Friday, 3 October 2014

The Sound of Waves, 3-12 Oct, 2014

 Performed by Jodie Harris
Written by Gareth Ellis, directed by Naomi Edwards
45downstairs,  3-12 October,  2014
 I  will not be reviewing this show this season but I wrote a short review of it in 2008. See below.  KH
The Sound of Waves by Gareth Ellis
Where and When: VCA, Nov 28-30, 2008
Reviewer: Kate Herbert
Stars: ***

The Sound of Waves is a whimsical fairy tale and an allegory for performer, Jodie Harris’s own experience as a young deaf woman who received a cochlear implant then studied acting and voice at the Victorian College of the Arts.

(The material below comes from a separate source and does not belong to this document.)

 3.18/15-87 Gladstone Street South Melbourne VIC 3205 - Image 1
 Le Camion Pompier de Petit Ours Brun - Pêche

Harris portrays a child who is slowly becoming a fish, growing gills, losing her hearing and choosing to live at the bottom of the ocean with the sound of waves and the company of other fish.

This performance is captivating on several levels for the audience. Harris’s performance is lyrical and physical and we are constantly aware of her voice bearing only occasional signs of her deafness after her years of Actor-Vocal training with Geraldine Cook (Head of Voice at VCA).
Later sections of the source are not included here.